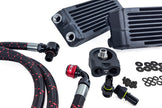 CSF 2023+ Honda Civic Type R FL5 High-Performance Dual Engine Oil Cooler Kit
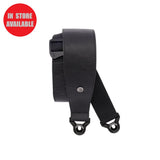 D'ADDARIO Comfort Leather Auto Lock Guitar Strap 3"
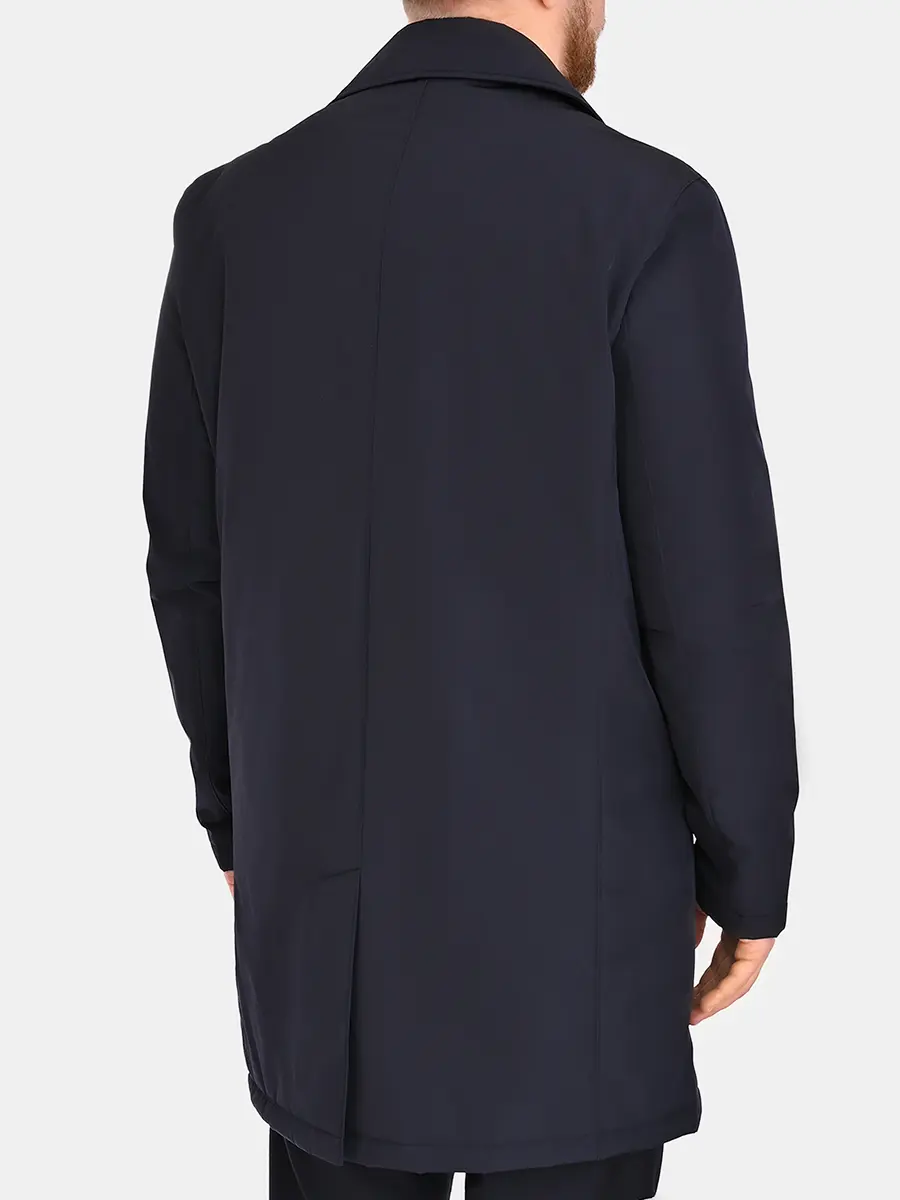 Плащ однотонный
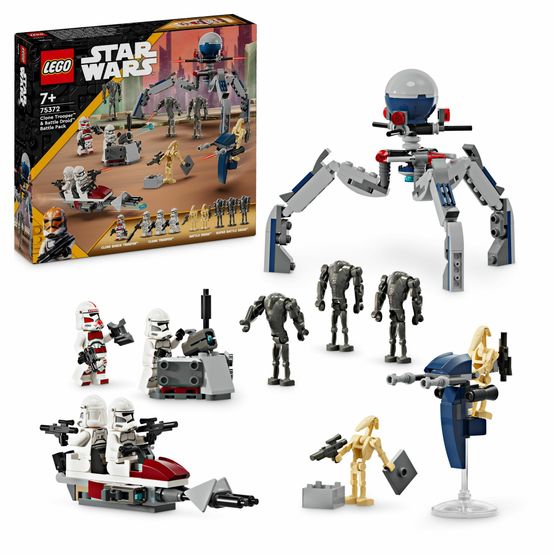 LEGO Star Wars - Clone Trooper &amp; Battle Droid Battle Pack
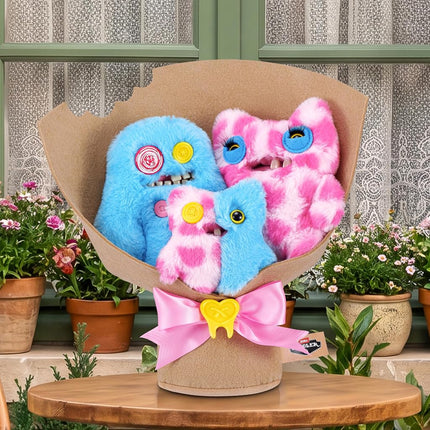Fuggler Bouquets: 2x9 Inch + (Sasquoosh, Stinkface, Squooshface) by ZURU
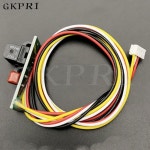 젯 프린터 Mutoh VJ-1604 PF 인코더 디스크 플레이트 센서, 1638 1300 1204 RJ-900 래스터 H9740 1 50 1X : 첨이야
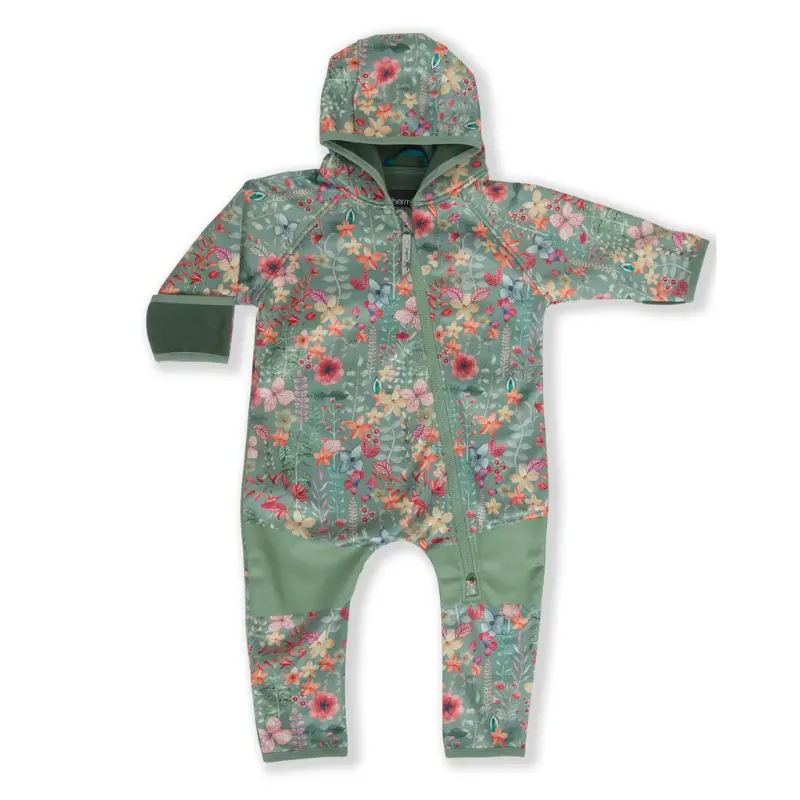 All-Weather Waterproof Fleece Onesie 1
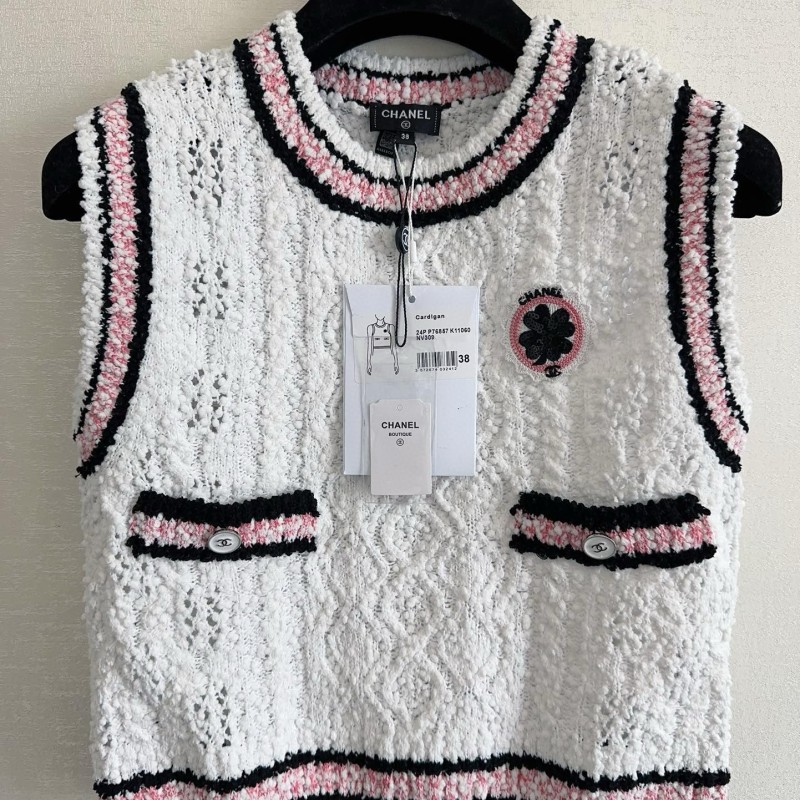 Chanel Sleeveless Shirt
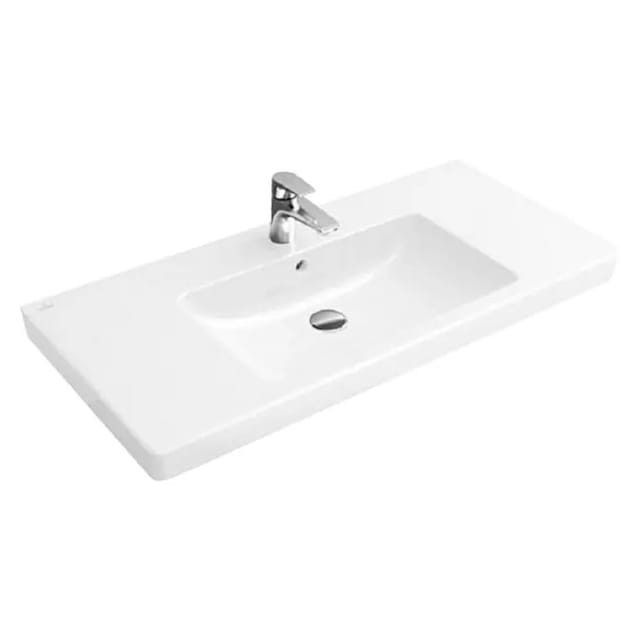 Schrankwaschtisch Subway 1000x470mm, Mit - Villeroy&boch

______

» What needs to be done
Write out each line again, exactly as it appears above, except for any picture.

» Answer space
 CSF 2023+ Honda Civic Type R FL5 High-Performance Dual Engine Oil Cooler Kit
 D'ADDARIO Comfort Leather Auto Lock Guitar Strap 3"
 Плащ однотонный
 LEGO Star Wars - Clone Trooper &amp; Battle Droid Battle Pack
Fuggler Bouquets: 2x9 Inch + (Sasquoosh, Stinkface, Squooshface) by ZURU
 젯 프린터 Mutoh VJ-1604 PF 인코더 디스크 플레이트 센서, 1638 1300 1204 RJ-900 래스터 H9740 1 50 1X : 첨이야
 All-Weather Waterproof Fleece Onesie 1
 Chanel Sleeveless Shirt
 Schrankwaschtisch Subway 1000x470mm, Mit - Villeroy&boch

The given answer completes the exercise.